- RECORDS TO USE
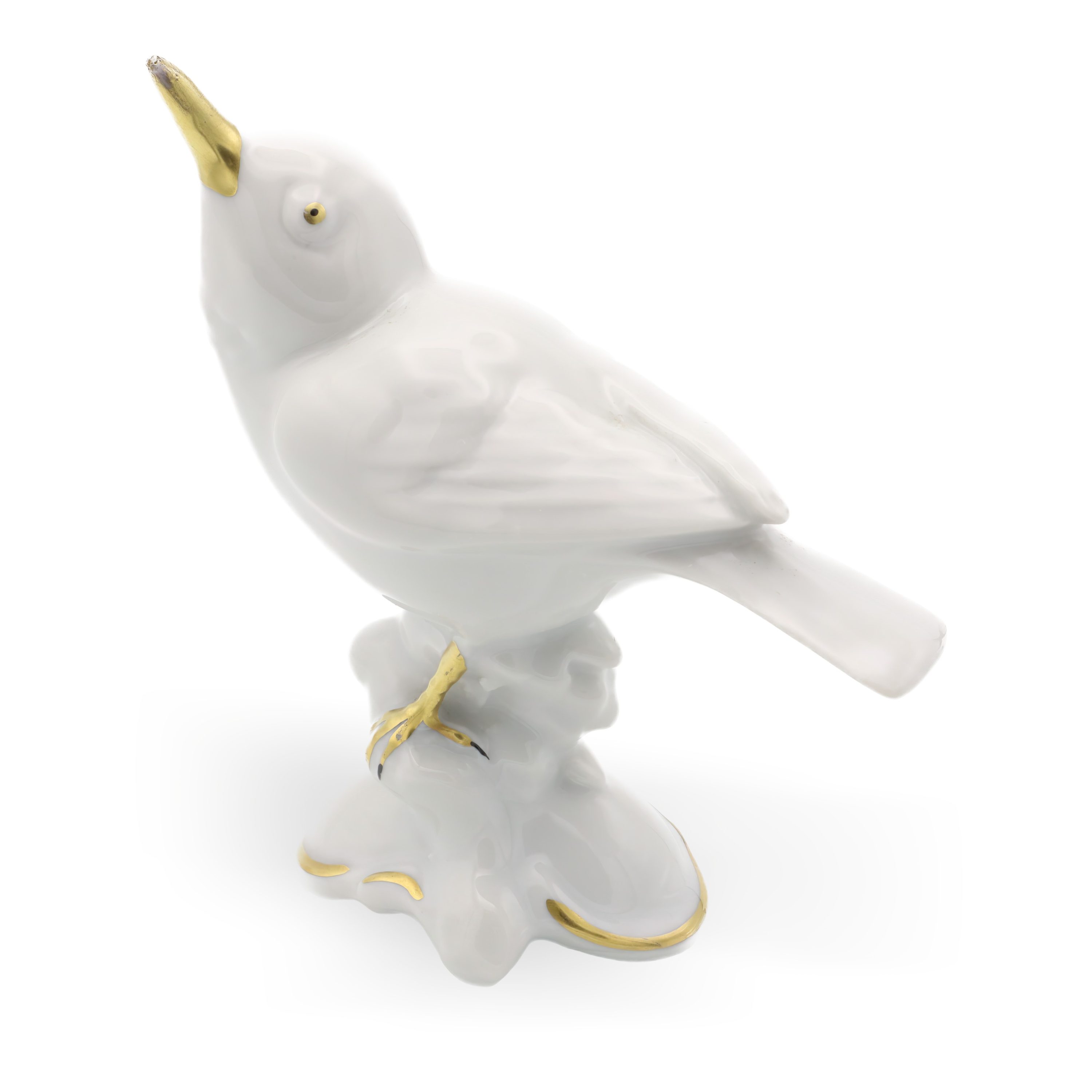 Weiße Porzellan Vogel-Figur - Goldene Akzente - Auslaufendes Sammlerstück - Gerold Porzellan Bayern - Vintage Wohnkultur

* * *

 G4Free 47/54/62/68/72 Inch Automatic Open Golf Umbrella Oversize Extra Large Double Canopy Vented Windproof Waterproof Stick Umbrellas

...

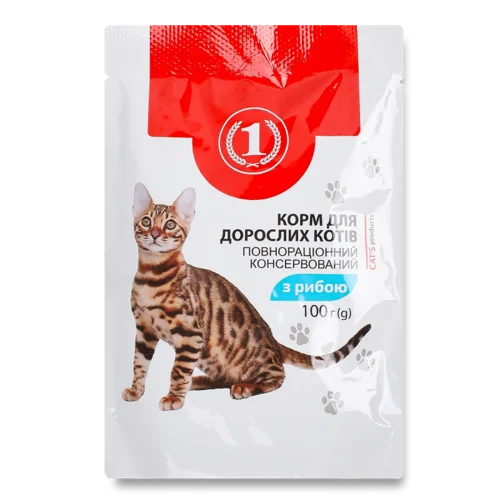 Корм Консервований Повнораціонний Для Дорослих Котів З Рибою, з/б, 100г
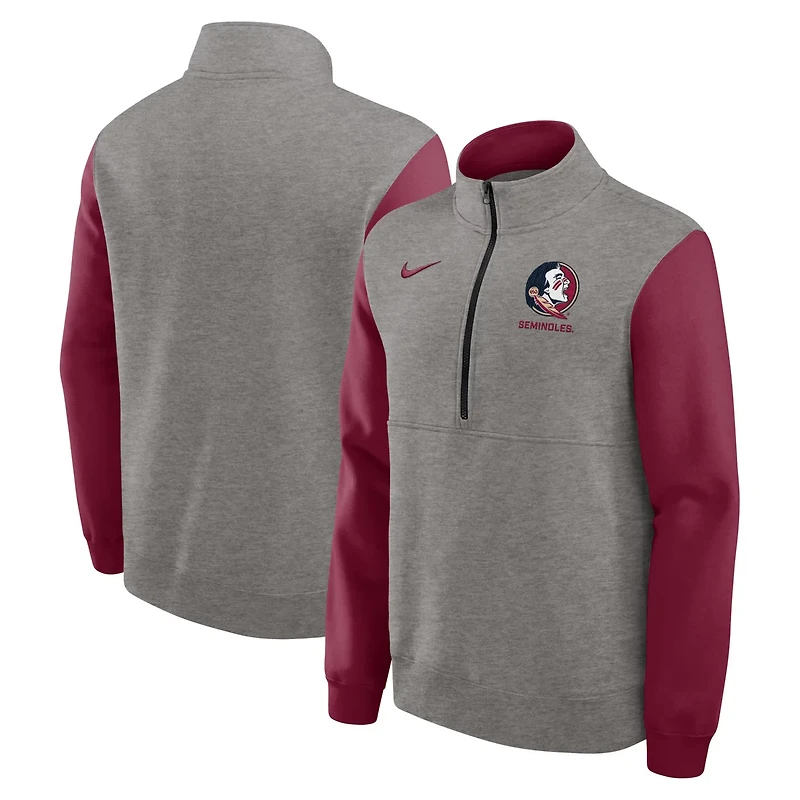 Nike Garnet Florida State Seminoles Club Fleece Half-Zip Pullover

- REQUIREMENT
Within the listing above, the lines starting at the one containing "Корм Консервований Повнораціонний" and ending at the one containing "Nike Garnet Florida" are to be returned exactly. Omit the pictures.

- EXERCISE ANSWER
 Корм Консервований Повнораціонний Для Дорослих Котів З Рибою, з/б, 100г
 Nike Garnet Florida State Seminoles Club Fleece Half-Zip Pullover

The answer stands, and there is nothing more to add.